Bu durum şampiyonluk hesapları yapan takımlar için de geçerlidir. Her hafta bu tarz değişiklikler olacaktır. Bu yüzden yönetici ve taraftarlara tavsiyem skordan değil oyundan keyif almalarıdır. Netice de önemlidir. Sizi nihai amacınıza götürür. Fakat doğru atılan adımlar da sonunda doğru yere götürür.
Vedat Muriqi’nin hırslı oyunu galibiyette en önemli artıydı. Emre eleştirilerimizi dikkate almış olacak ki, maçta gayet yapıcıydı ve sakindi. Bu sakinliği onunla başlayan solak pas trafiğinde 2. golün hazırlayıcısı etiketini kazandırdı.
Fenerbahçe’nin tek yumuşak karnı defans bloğudur. Ersun Hoca buraya bir çözüm bulamadı. Adil Rami de henüz hazır değil görüntüsü verdi. Takımın bu kısmına çare bulunmaz ise kayıp puanlar can sıkabilir. Bir şöyle geriye baktım da; Gökhan Gönül-Caner Erkin-Skertel-Josef De Souza-Mehmet Topal’ı bu kadroya monte etmiş olsanız ya da hiç gitmemişler hesabı yapsanız! 90’ların ortasından 2000’li yılların başına damga vuran, Avrupa’dan ses ve kupa getiren Galatasaray formatını yakalardı diye düşünüyorum.
Avrupa Kupaları’nda mücadele edenler puan kayıpları yaşadı. Bizim Türk takımları için artık bu durum benimsendi. Taraftar da alıştı. Galatasaray, Malatya deplasmanında rotasyona gitti. Skor yazarlığı yapanlar için rotasyon tutmadı söylemleri ön plana çıktı. Andone yakaladığı fırsatları değerlendirseydi. Adem, Malatya’da oynama psikolojisini üstünden atıp daha olumlu işler yapmış olsaydı, bugünlerde rotasyon ve Terim’in planı tuttu diye başlıklar görebilirdik.
Eğer bir takımın kalecisi santrforunu tek topla gollük pozisyona sokuyor ise karşınızdaki takım çok kötü bir futbol sergiliyor demektir. Sergen Yalçın diye tempo tutan Beşiktaşlı taraftarların bu tespitimi okumalarını isterim. Muslera, Andone’u tek vuruşla pozisyona soktu.
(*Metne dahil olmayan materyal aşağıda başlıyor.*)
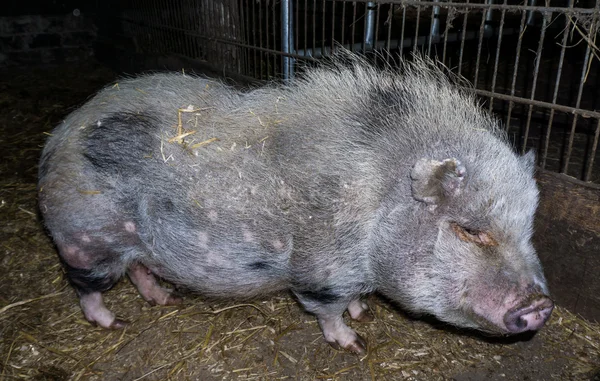 Allevamento suini cinghiale — Foto Stock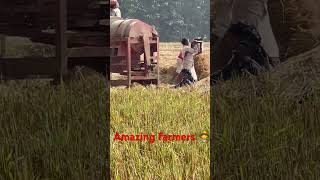 Farmers working on the paddy fields 👩‍🌾🧑‍🌾 amazing tipsandtricks shortsvideo [upl. by Jimmie]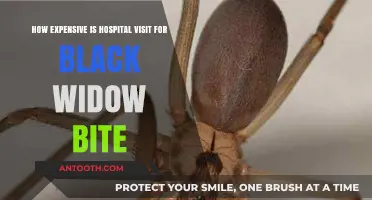 Black Widow Bite: Uncovering the Cost of Hospital Treatment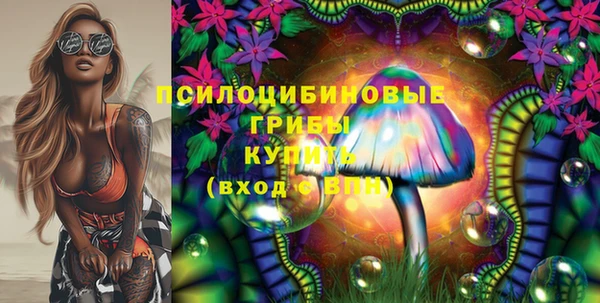 кокс Богородицк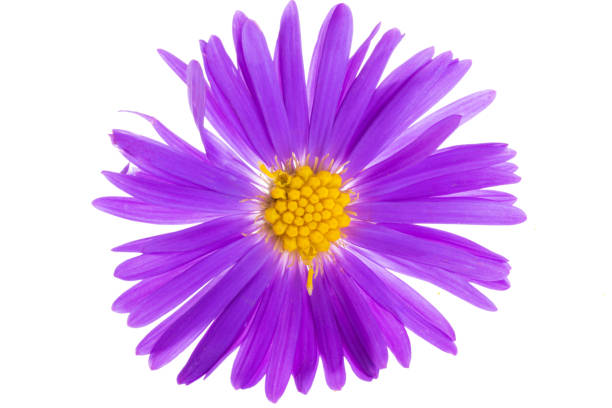 istock perennial chrysanthemum isolated 1479747185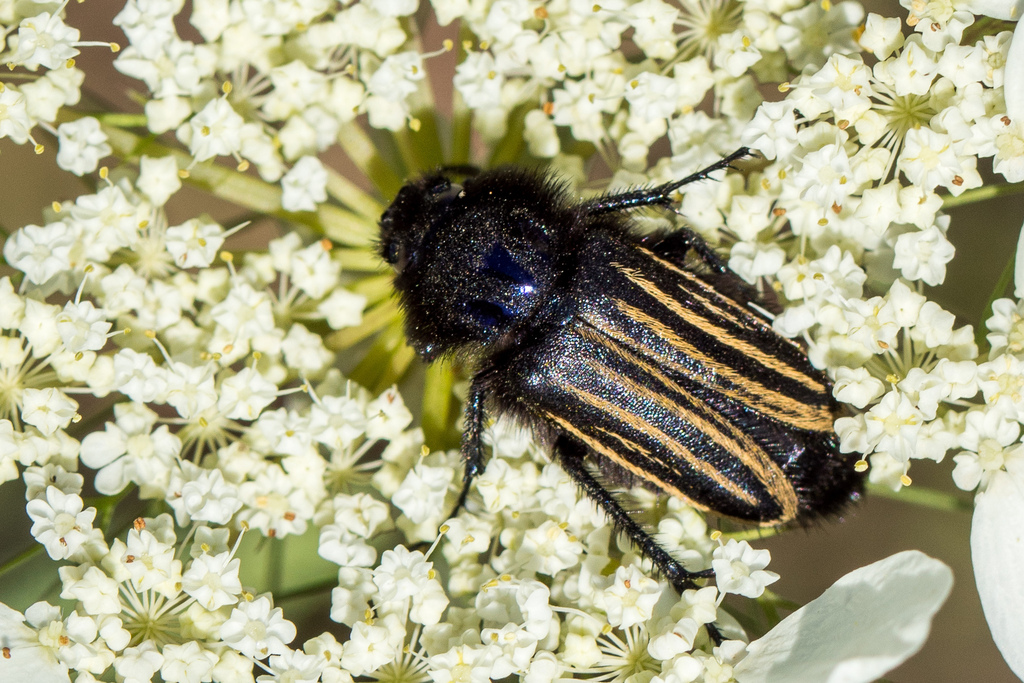 Eulasia vittata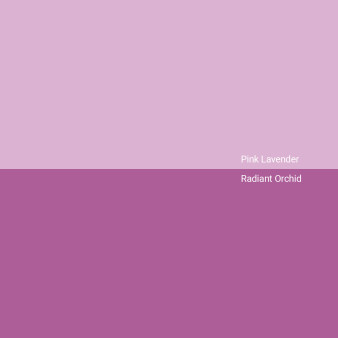 pink-lavender-v-radiant-orchid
Bu kadar kötü oynayan bir Malatya seyretmemiştim. Galatasaray’ın şu kadrosu bile rahatlıkla yenebilirdi. Bu beraberliğin mazereti olmaz!
Beşiktaş üst üste zorlu maçlar oynuyor. Sakatlık ve cezalılara formsuz isimler de eklenince ortaya bu sonuçlar çıkıyor. Burak Yılmaz’ın gelişi takıma hareketlilik kazandırdı. Avcı’nın takımları her zaman önce form tutup, ligin ikinci yarılarında düşüşe geçerdi. Bu sezon tersi yaşanabilir. Atiba ve N’Kudou’ya ayak uydurmayan isimler var. Necip yine bir Başakşehir maçını es geçmedi. Hep bir arızalı işleri var. Fakat iyi niyetli!
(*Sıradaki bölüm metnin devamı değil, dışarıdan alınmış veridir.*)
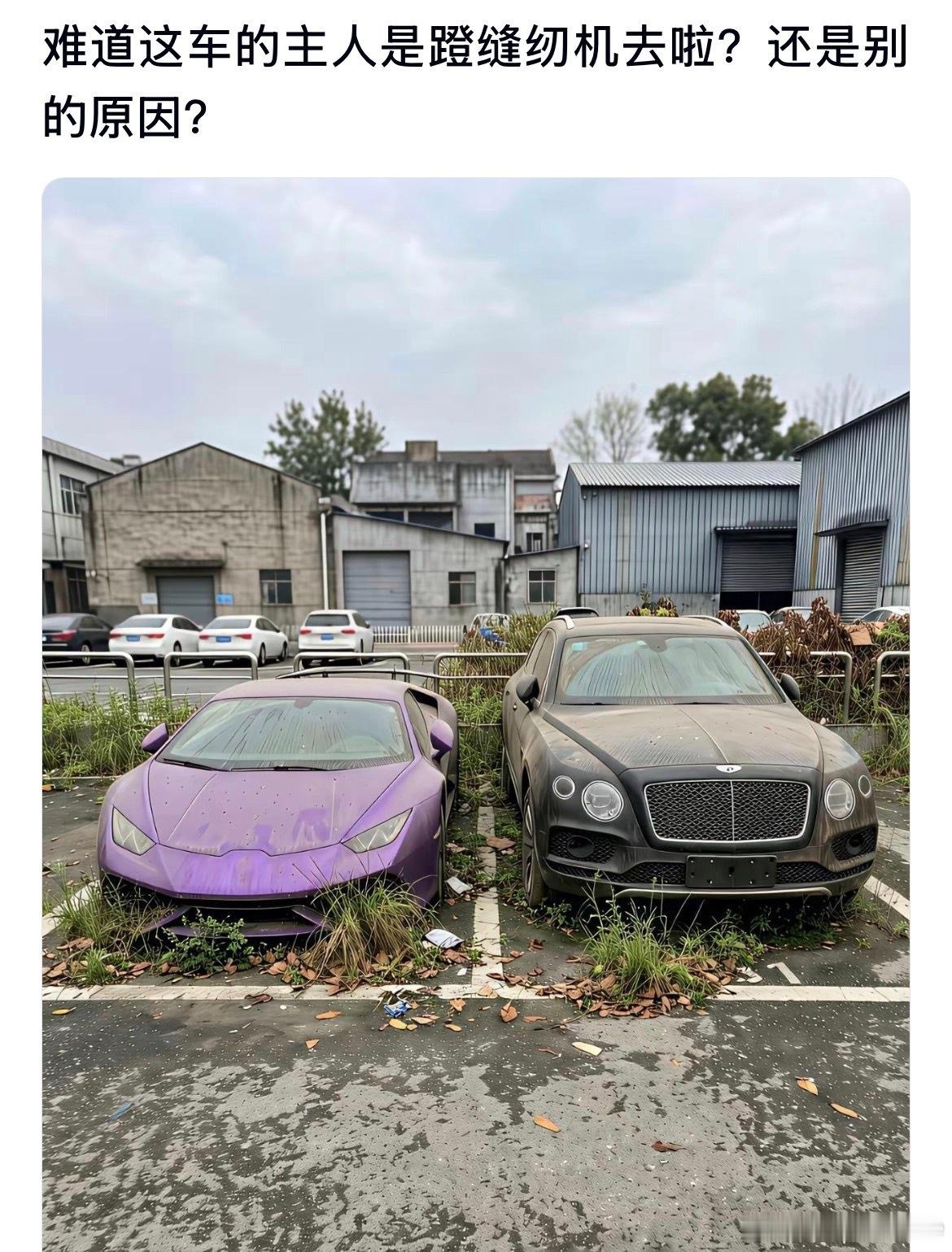 这车的主人是不是忘记他还有辆车了？还是别的原因？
Trabzonspor da Beşiktaş gibi Sivas deplasmanından eli boş döndü. Ünal Karaman, Gençlirbirliği maçından dersini almamış olacak ki, Sivas karşısında da devam ettirdi. Avdijaj bu takımda ilk oyundan alınacak kişi konumunda. Öyle sanıyorum ki, bu tavır devam ederse devre arası Ünal Hoca veda edebilir. Tanıdığım Ağaoğlu şimdiden arayışlara başlamıştır. Trabzonspor ilk defa yıllar sonra böyle bir kadroyu bir araya getirdi. Hata yapma lüksleri yok. Taraftarlar artık şampiyonluk şarkıları söylemek istiyor.